Desde los balcones de la historia, veo cómo Europa se desmorona, no con bombas ni ejércitos, sino con silencios cómodos y leyes que olvidaron a sus propios hijos.
No es una guerra tradicional.
Es una guerra demográfica, cultural y espiritual.
Y ya comenzó.
Se quiere conquistar Europa desde los úteros, no desde los campos de batalla.
Mientras los pueblos fundadores de Occidente apenas sobreviven, trabajan y se esfuerzan, otros llegan, se reproducen sin límites, y viven de subsidios pagados por aquellos que sostienen aún el sistema.
Eso no es integración.
Eso es reemplazo.
No odio al migrante.
Pero sí cuestiono al modelo político que lo trae sin filtros, sin exigencias, sin reciprocidad.
Porque lo que estamos viendo no es diversidad: es la fragmentación silenciosa de una civilización.
Las mujeres no pueden caminar libres en muchas ciudades europeas.

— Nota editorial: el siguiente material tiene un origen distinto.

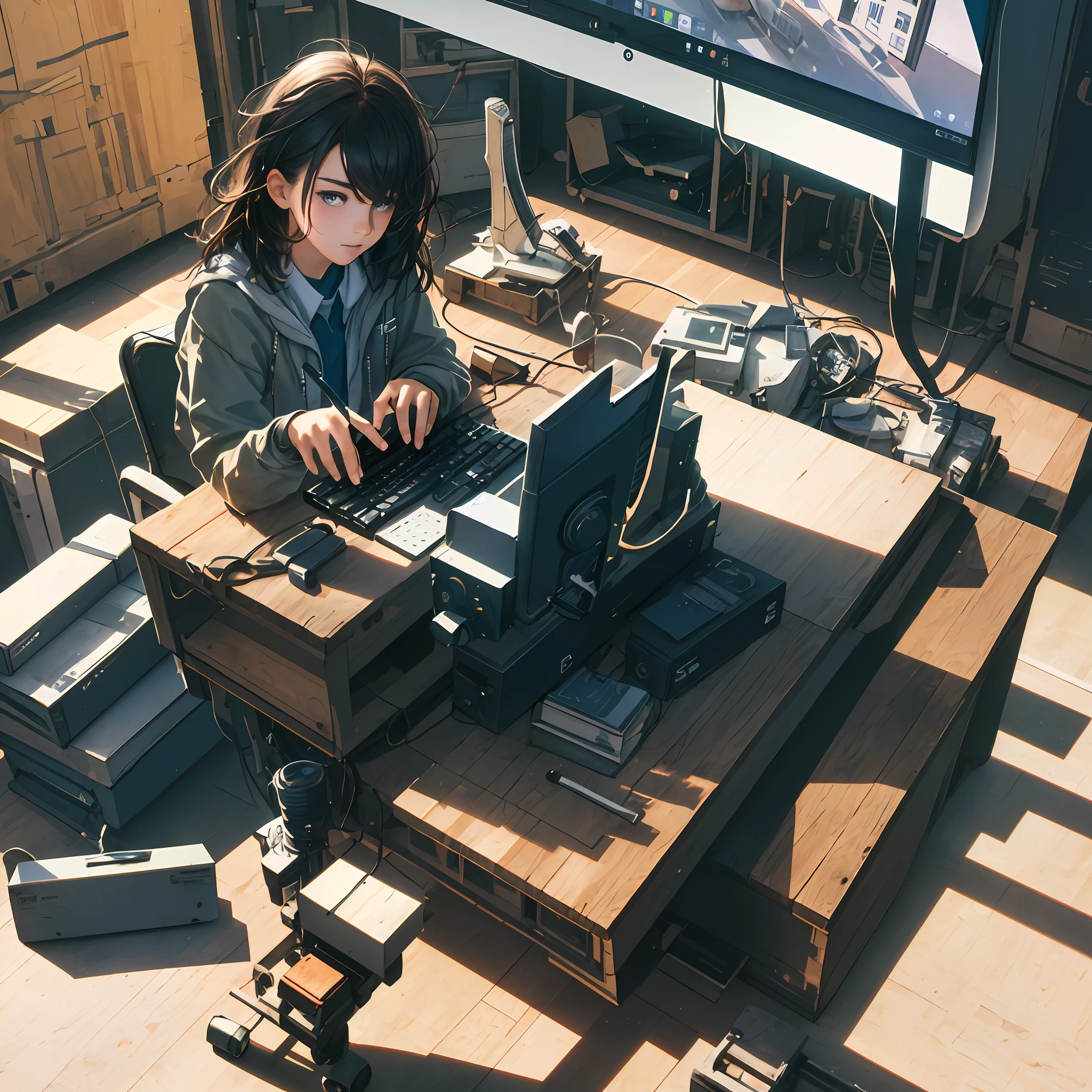 A portrait of a sitting at a desk on a computer screen, professional color grading, muted shadows, no contrast, sharp focus, film photography -- in the serrations, duplicated hands and fingers, shadows.8k,3d,spectoradde,3.2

El cristianismo es tratado como folclor, mientras otras religiones imponen reglas en espacios públicos.
Los europeos callan por miedo a ser llamados racistas.

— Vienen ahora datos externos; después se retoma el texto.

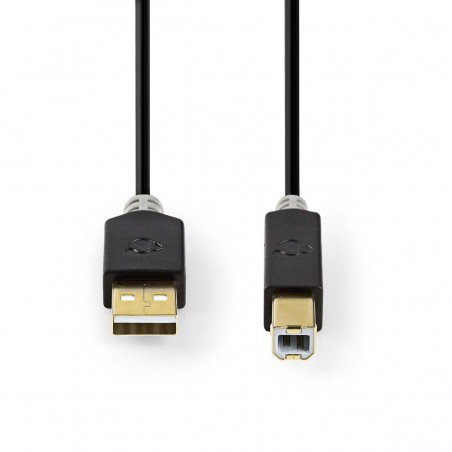 USB 2.0 Cable | A Male - B Male | 2.0 m | Anthracite
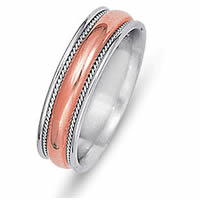 Item # 21528RE - Wedding Ring, 18 Kt Rose and White Gold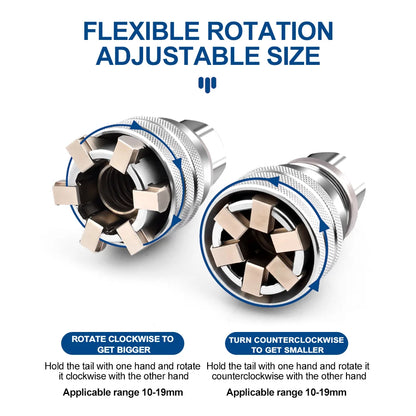 3Pcs Universal Sleeve Set All-Fitting Multi Drill Attachment Adjustable Hex Universal Socket 3/8" Drive Wrench Repair Tools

Y ese silencio es el nuevo disparo.
Esta guerra no es contra personas, sino contra una estrategia que debilita a los pueblos originales, divide a las mayorías y asfixia lentamente la cultura que dio al mundo arte, ciencia, dignidad y derechos.
Yo no odio.
Yo observo.
Y me duele.
Porque si Europa cae, no habrá quien defienda lo que aún nos queda de libertad.